Assumo que tenho 20 minutos para escrever esta crónica. São 15:49 e combinei entregar o bebé às 4 na minha mãe (já me vou esticar no atraso que pode comprometer o resto do dia, tipo comboio de dominó em que uma peça leva todas as outras a cair. Sim é assim tão grave!!!).

De seguida, vou rapidamente para casa escolher o kit da noite e fazer a mini mala de fim de semana, dar uma “limpeza” às músicas das pens, confirmar se os phones estão ou não OK e ainda tenho que ir buscar uns novos à Pionner – que têm andado meio perros, talvez já da kilometragem feita em parceria comigo aí pelas estradas de Portugal -, fazer um rápido download de 2 temas novos que comprei no Beatport, ligar ao pessoal do evento – para combinar umas boleias, as horas e os locais do encontro quando chegar o hotel de hoje, rezar para que o meu carro se aguente sem soluços de maior durante 270 km – que tem estado com os problemas eléctricos típicos dos seus já quase 200.000 km de rodagem. E que rodagem!!!

Chegar, ligar à vovó Clara, saber como está o pirralho, dar a indicação tim tim por tim tim dos truques para o Afonso papar a sopa de cenoura que fiz antes de sair de Lisboa que o puto anda agora armado em caprichoso, tomar um duche maravilha (estes momentos nos hotéis têm, neste momento da minha vida um sabor muito especial, porque podem demorar um pouco mais do que 5 minutos), pintar as unhas de vermelho nos entretantos e enquanto secam as ditas e os meus caracóis “enremoinhados”, dar uns beijinhos ao meu namorado que felizmente me tem acompanhado por estar de férias, voltar a ligar para saber do sono e do banho, organizar o line up e dar uma última vista de olhos no computador, fazer o eyeliner, ligar para todos os quartos para confirmar que todos estão no lobby do hotel às 9 e meia (sim este evento também “é meu” organizo-o e faço a assessoria), descer perfumada e airosa, já com a certeza de que o anti-cerne cobre bem as olheiras de vários meses de noites com menos horas de sono do que me apeteciam realmente… e de me sinto pelo menos 1 ou 2 noites por semana giraça e catita. As noites em que a Mãe vira DJ, RP, figura pública ou afim. Eu gosto. Mas também gosto dos dias sem sono, em que refilo pela falta de tempo, em que o Afonso Luz se torna prioridade entre os meus trabalhos no estúdio, os meus textos e músicas no computador, em que as calças largas e as t-shirts tiram o lugar ao salto agulha e ao top glamouroso e em que a sopa de cenoura cuspida em cima de mim  sabe bem melhor que o meu Jameson – Ginger Alle de sábado à noite.

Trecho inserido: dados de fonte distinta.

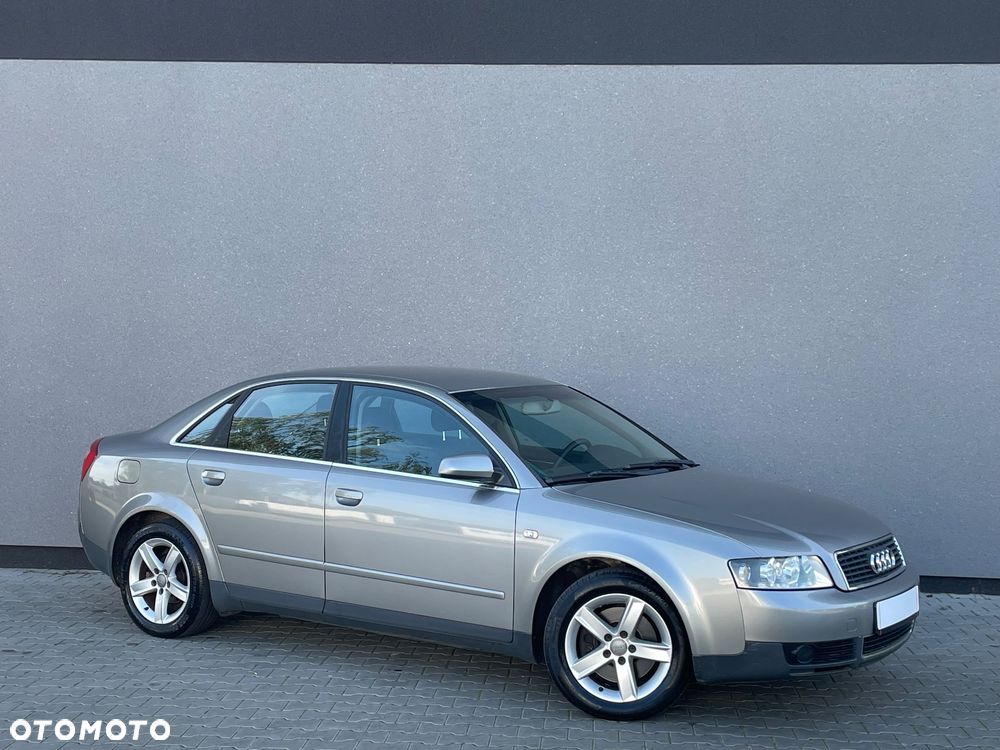 Audi A4 Limousine 2004 photo 3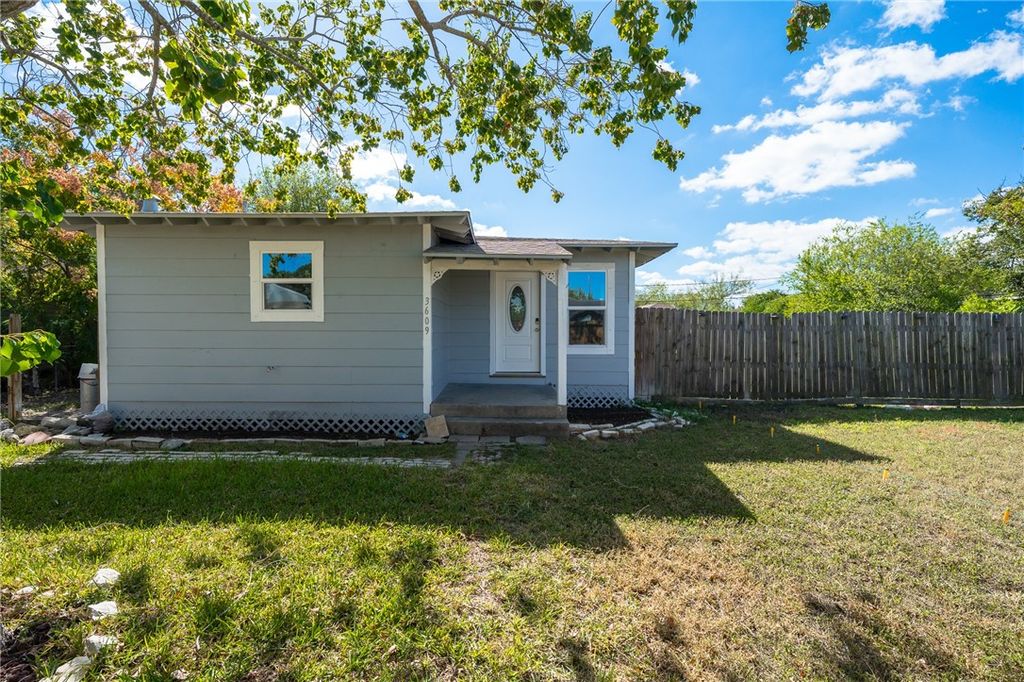 3609 Wright St, Corpus Christi, TX 78405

Bem, eu falei em 20 minutos. São agora 16:12. Hora de seguir para a Vida Airada. Hora de começar a azáfama profissional do fim de semana, despir um capa, vestir a outra e curtir a outra parte da vida. No fundo, não há bem outra parte, percebo eu agora. Ser mãe é isso mesmo. Sejas Dj, empresária, actriz, contabilista, agricultora ou até dona de casa. Ser Mãe está te no coração. E estejas onde e como estiveres, eles – os teus filhos, o Afonso e agora a Matilde que já está na minha barriga – estão contigo, no teu coração e na tua cabeça que, no fundo continua a ser a  mesma de sempre. A diferença é que a palavra “Multitasking” passa agora mesmo a fazer sentido. Se antes eu me sentia tantas pessoas e versões de mim mesma… agora acrescento a versão mais importante: a de ter um filho.

Como me disse há tempos uma amiga: Agora és Mãe. Passaste a ser eterna! E assim, lhe dedico a vida e assim lhe dedico os meus sets, e assim lhe dedico a minha força, paciência, inspiração e  dinamismo !

Agora vou me pisgar. Estou mesmo super atrasada.